The high temperature (in degrees Fahrenheit), $x$, and the ice cream sales for a local store, $y$, are related by the regression line equation $\mathrm{y}=8.791 \mathrm{x}-392.966$.
Find the amount of sales predicted by the model if the high temperature is $\mathrm{x}=94^{\circ} \mathrm{F}$. Give your answer as a monetary amount rounded to the nearest cent.
$\$ 238.39$
$\$ 832.39$
$\$ 233.39$
$\$ 433.39$
Final Answer: The predicted sales when the temperature is 94 degrees Fahrenheit is approximately \(\boxed{433.39}\) dollars.

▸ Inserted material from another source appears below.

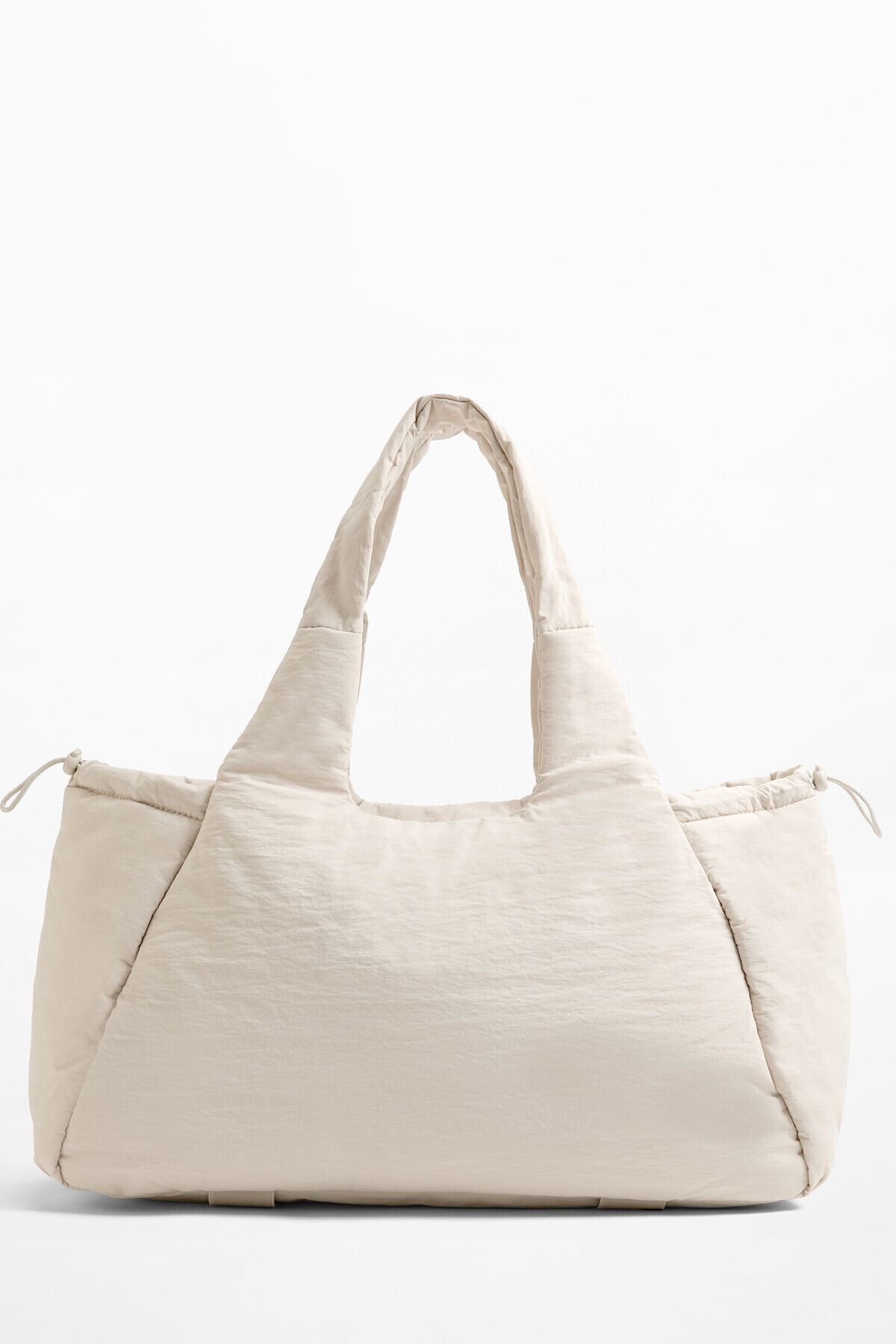 Oysho-Yoga bag with side gathering 1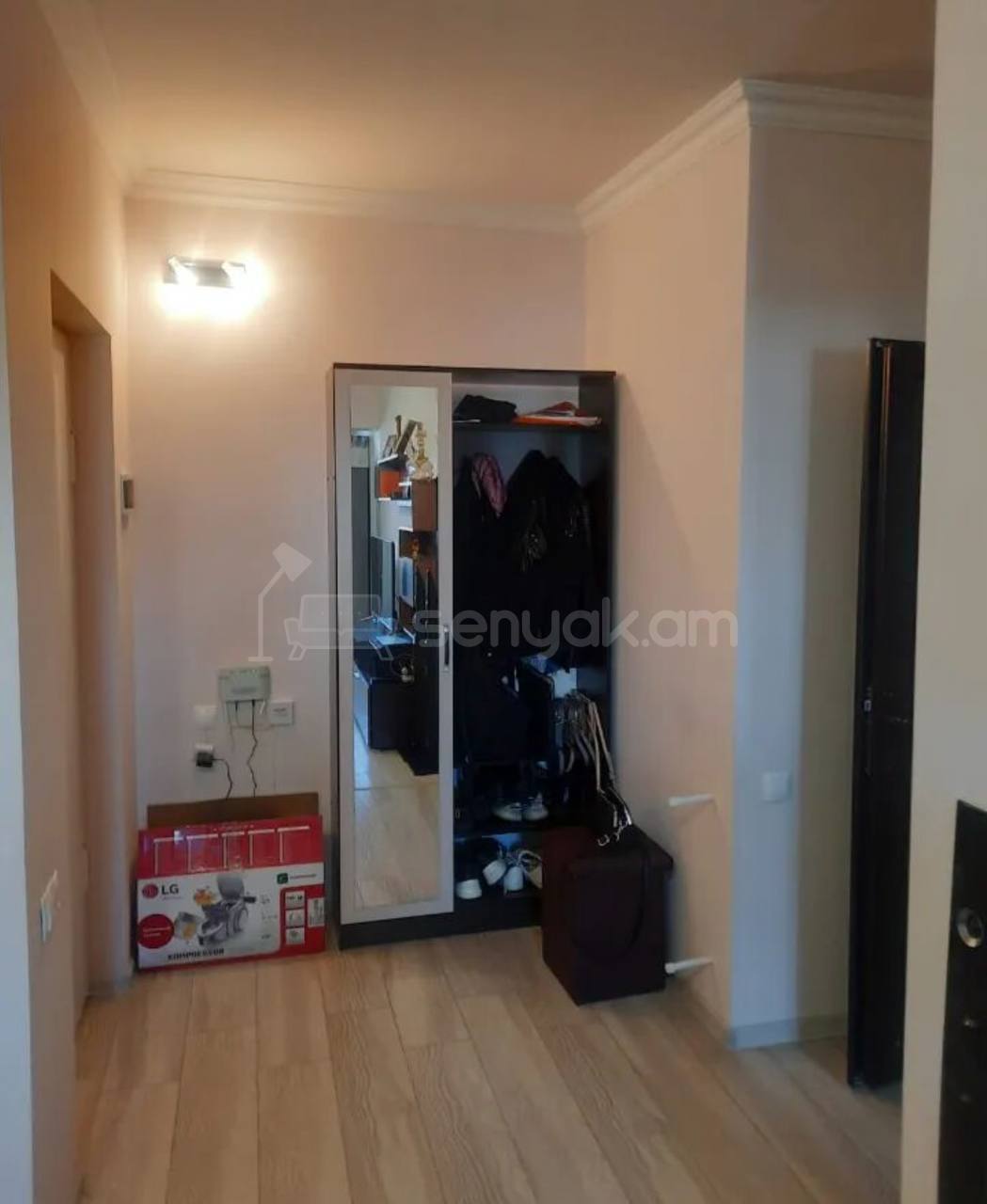 2 Սենյականոց Բնակարան Նորակառույցում, 41քմ, 6/12 հարկ, Կապիտալ Վերանորոգված, Կահավորված, Արևկող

Step 1 :Given the regression line equation \(y = 8.791x - 392.966\), where \(x\) is the high temperature in degrees Fahrenheit and \(y\) is the ice cream sales for a local store.
Step 2 :We are asked to find the predicted sales when the high temperature is 94 degrees Fahrenheit. This can be found by substituting \(x = 94\) into the regression line equation.
Step 3 :Substituting \(x = 94\) into the equation gives \(y = 8.791(94) - 392.966\).
Step 4 :Solving the equation gives \(y = 433.38800000000003\).
Step 5 :Rounding to the nearest cent gives \(y = 433.39\).
Step 6 :Final Answer: The predicted sales when the temperature is 94 degrees Fahrenheit is approximately \(\boxed{433.39}\) dollars.